NixOS#
NixOS is a Linux distribution built with Nix from a modular, purely functional specification.
It has no traditional filesystem hierarchy (FSH), like /bin, /lib, /usr, but instead stores all components in /nix/store.
The system configuration is managed by Nix and configured with Nix expressions.
NixOS modules are Nix files containing chunks of system configuration that can be composed to build a full NixOS system.
While many NixOS modules are provided in the Nixpkgs repository, they can also be written by an individual user.
For example, the expression used to deploy a DNS server is a NixOS module.
Together these modules form the configuration which builds the Linux system as a Nix derivation.

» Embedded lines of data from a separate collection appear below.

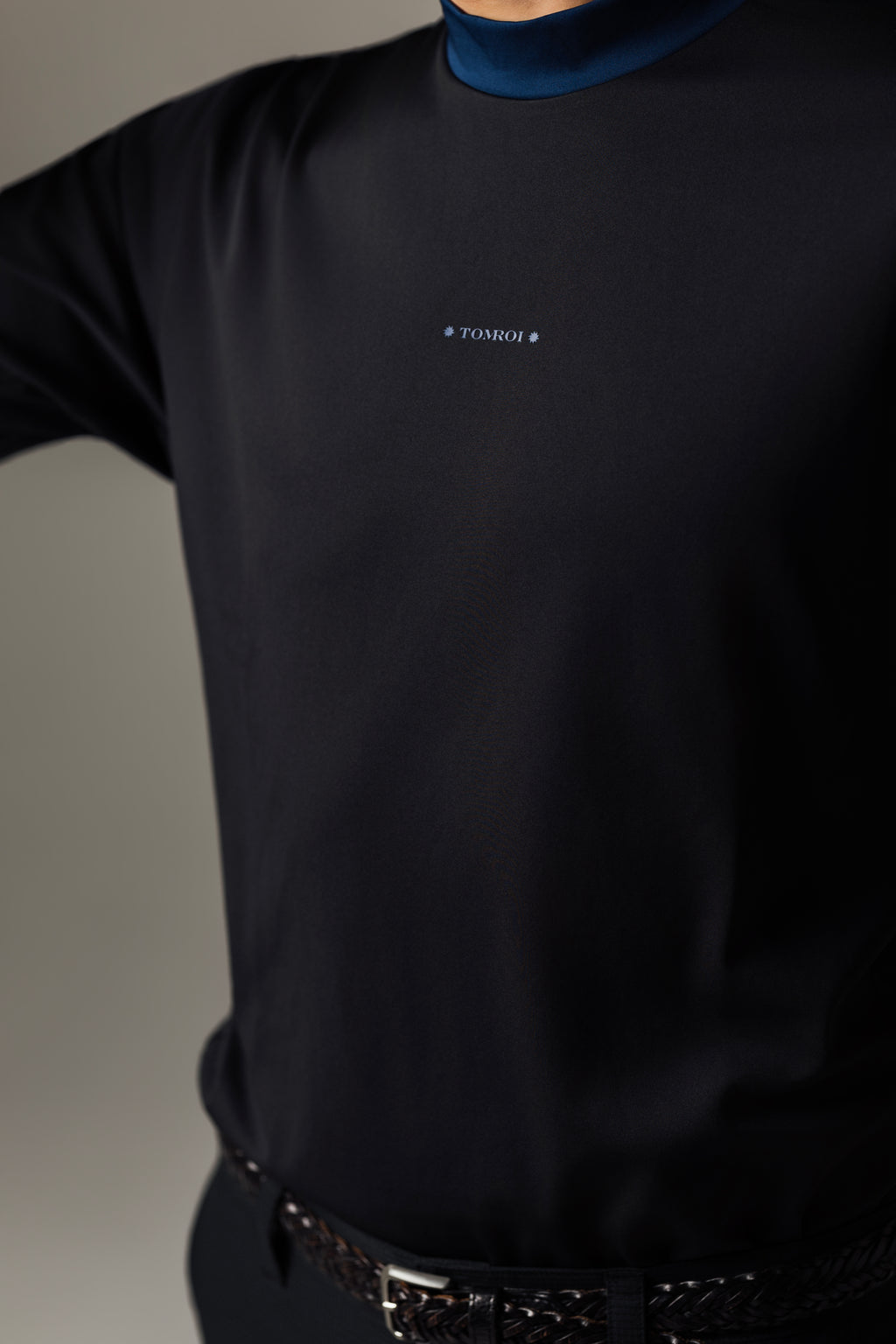 MEN’S｜パフォーマン<br>ロゴ　モックネック - ブラック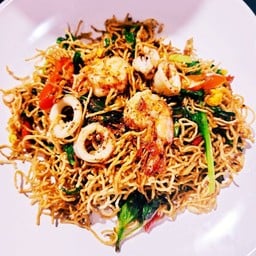 ผัดขี้เมาบะหมี่กรอบหมูนุ่ม+หมึก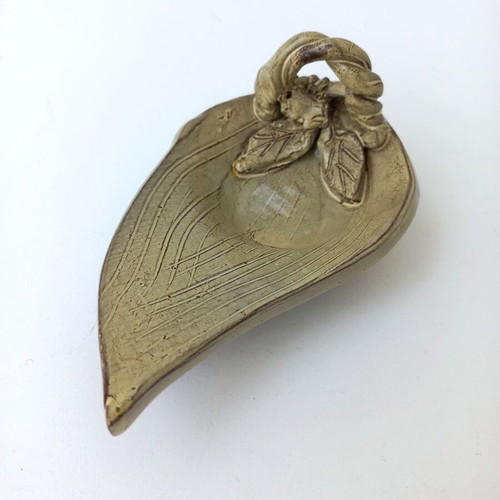 Handmade ceramic leaf-shaped decoration like new, vintage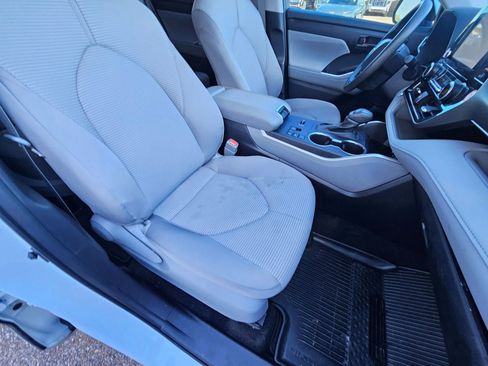 Used 2023 Toyota Highlander L image 56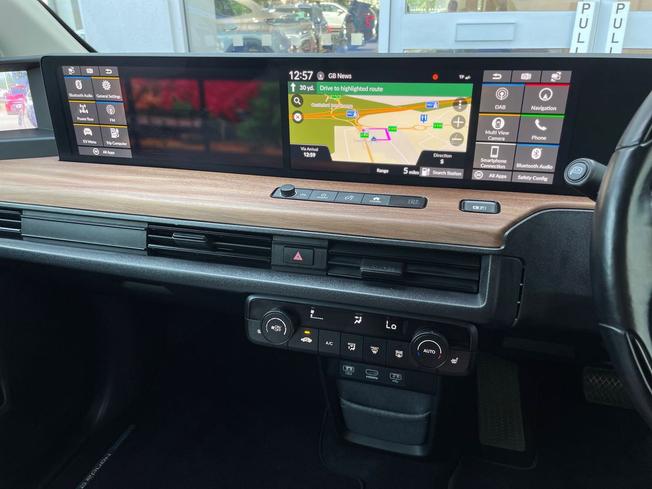 HONDA Honda E Photo 14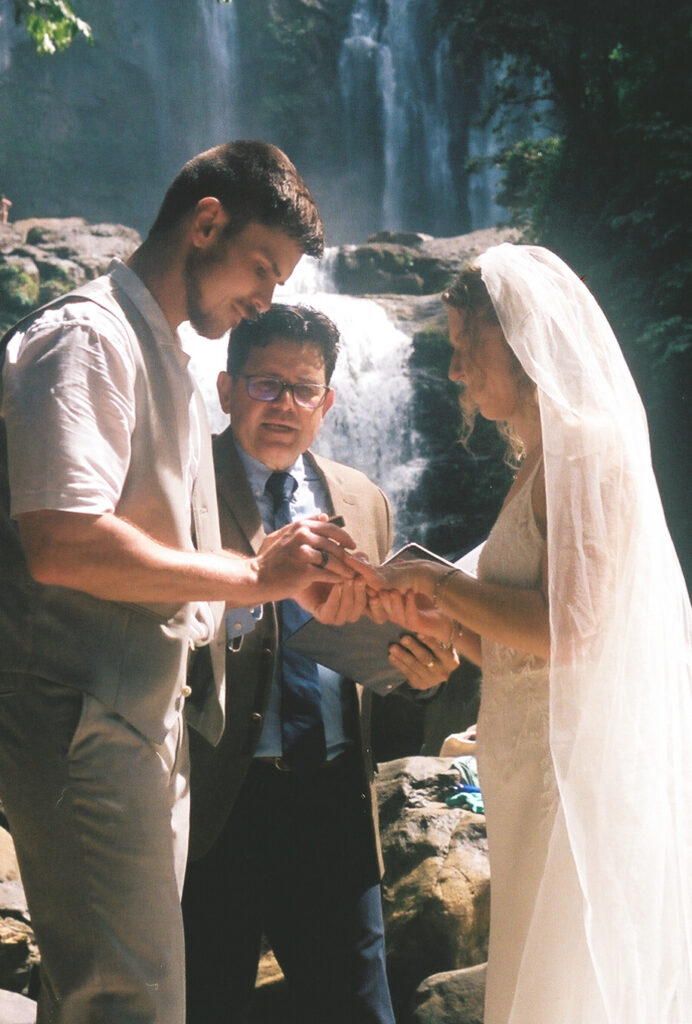 wedding pictures on 35mm film of a couple eloping at Nauyaca Waterfalls 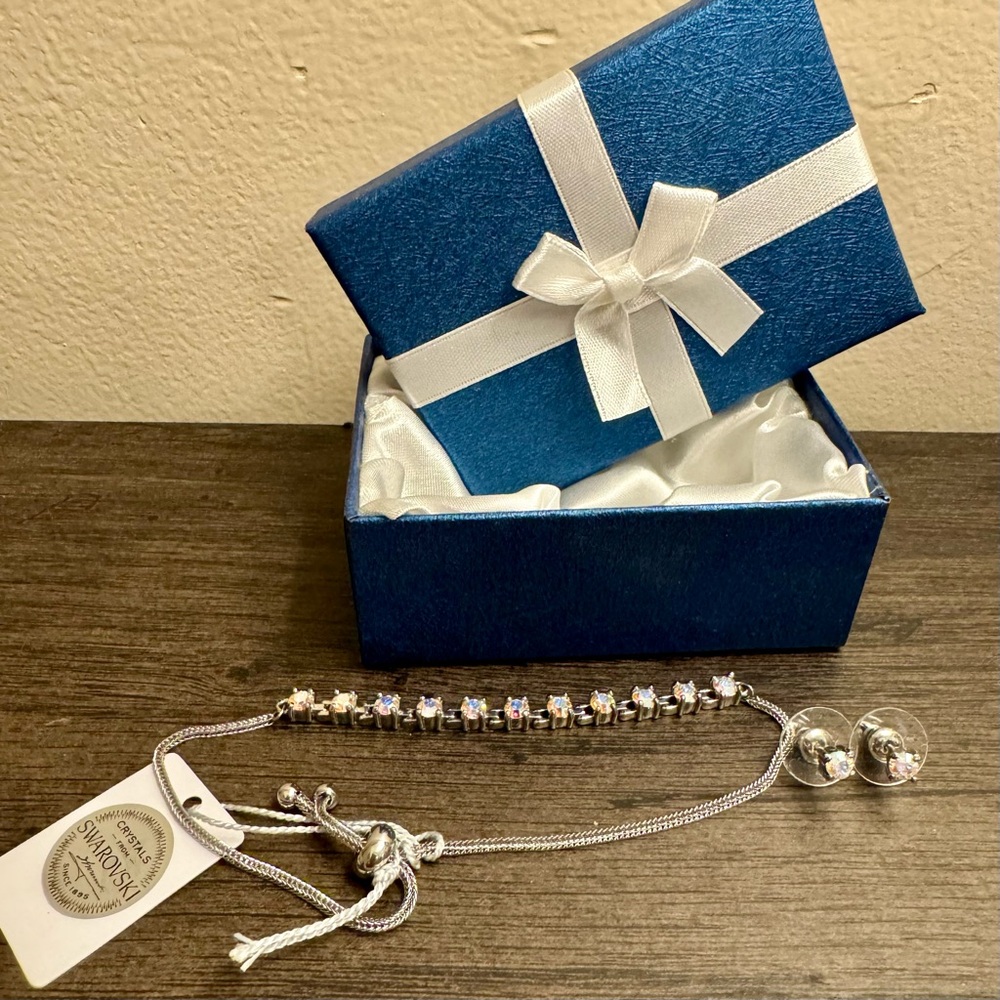 Swarovski Crystal Bracelet and Earrings Set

NixOS minimises global mutable state that -- without knowing it -- you might rely on being set up in a certain way. For example, you might follow instructions to run a series of shell commands and edit some files to get a piece of software working. You may subsequently be unable to reproduce the result because you've forgotten some intricacy or are now using a different version of the software. Nix forces you to encode this in a reproducible way, which is extremely useful for replicating software configurations and deployments, aiming to solve the 'It works on my machine' problem. Docker is often used to fix this configuration problem, but Nix aims to be more reproducible.
Nix provides safe and reliable atomic upgrades and rollbacks. And every new system configuration build creates a GRUB entry, so you can boot previous systems even from your UEFI/BIOS.